# [Extracted records]
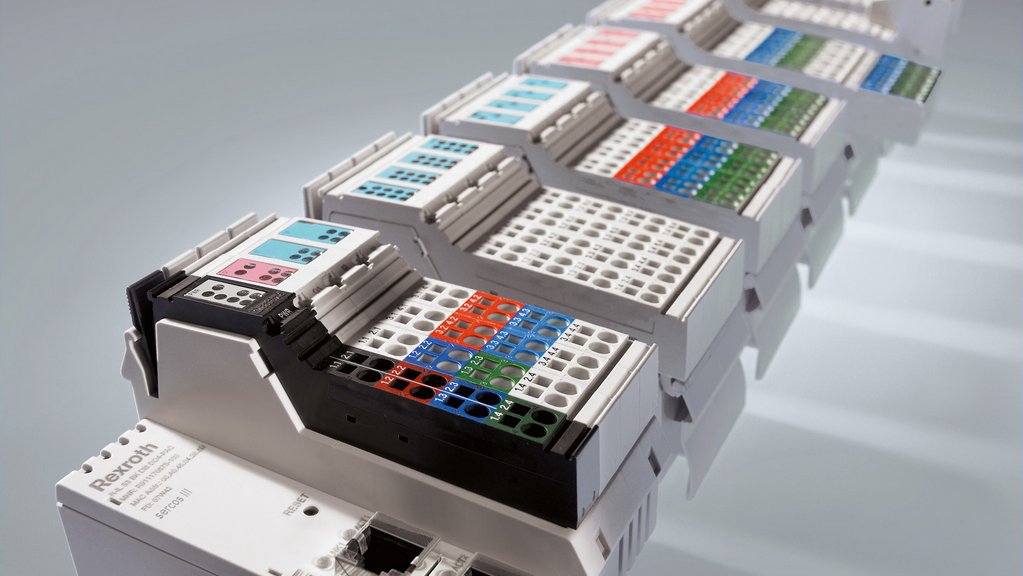 Módulos de Entrada e Saída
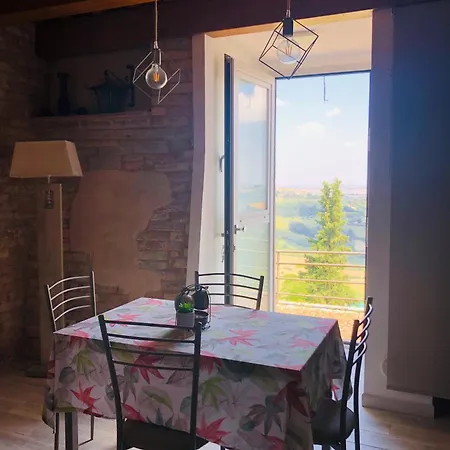 Gasthof La Torre Tra Terra E Cielo Petritoli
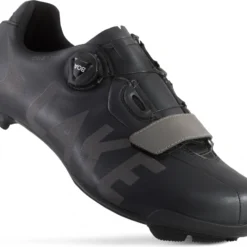 Lake CXZ176 Road Shoes Black / Gray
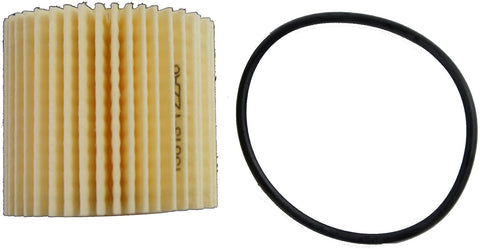 Toyota Genuine Parts 04152YZZA6 Replaceable Oil Filter Element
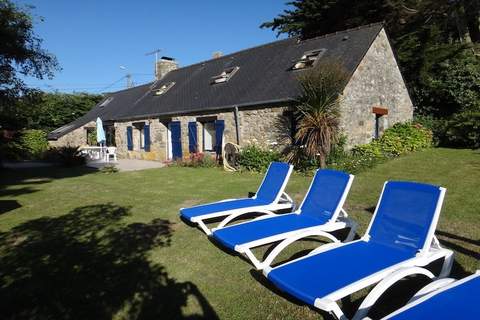 Ferienunterkunft in Crozon (6 Personen)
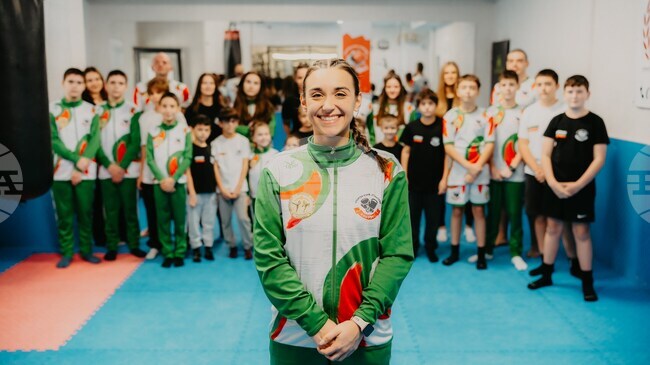 От следващата учебна година в пернишкото Спортно училище „Олимпиец“ ще се извършва прием на ученици в спорта кикбокс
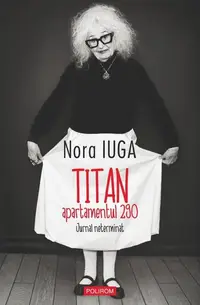 Titan, apartamentul 290 - Paperback brosat - Nora Iuga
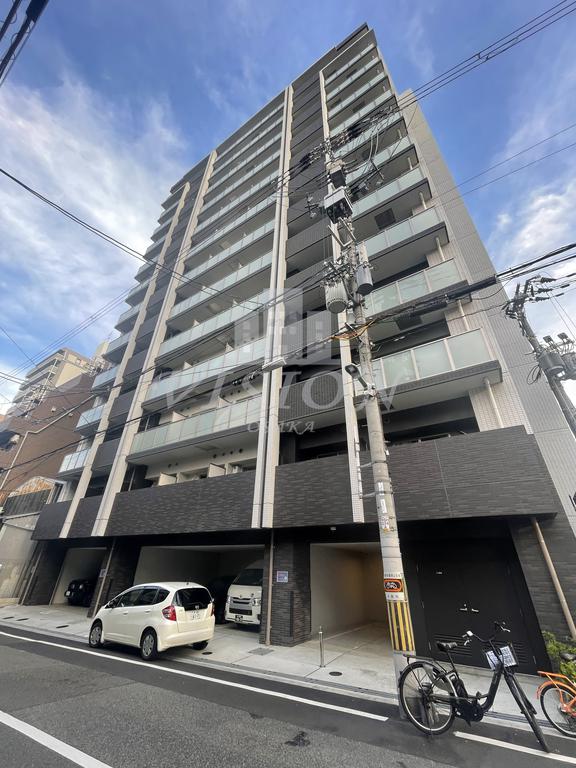 地下鉄千日前線 桜川駅 徒歩1分 築5年
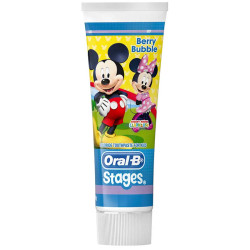 Oral-B Toothpaste Kids Stages 92g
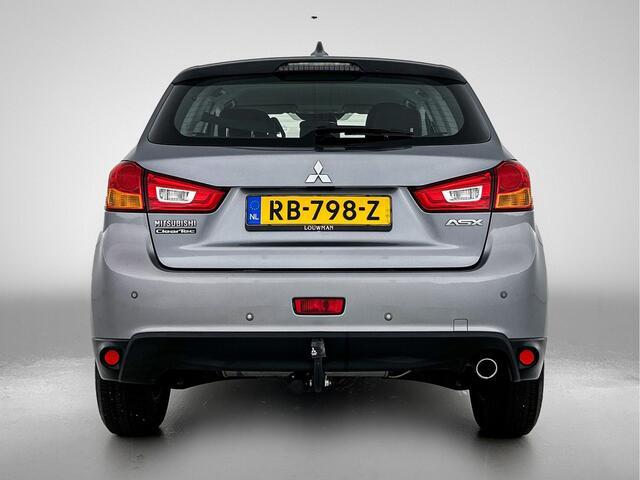 Mitsubishi ASX 1.6 Cleartec Bright+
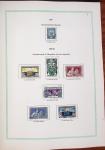 1849-1984, Collection de neufs et d'oblitérés en deux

# [What is expected]
Above are the records; copy every one of them exactly and omit the images.

# [Exercise output]
 Módulos de Entrada e Saída
 Gasthof La Torre Tra Terra E Cielo Petritoli
 Lake CXZ176 Road Shoes Black / Gray
 Toyota Genuine Parts 04152YZZA6 Replaceable Oil Filter Element
 Ferienunterkunft in Crozon (6 Personen)
 От следващата учебна година в пернишкото Спортно училище „Олимпиец“ ще се извършва прием на ученици в спорта кикбокс
 Titan, apartamentul 290 - Paperback brosat - Nora Iuga
 地下鉄千日前線 桜川駅 徒歩1分 築5年
 Oral-B Toothpaste Kids Stages 92g
 Mitsubishi ASX 1.6 Cleartec Bright+
 1849-1984, Collection de neufs et d'oblitérés en deux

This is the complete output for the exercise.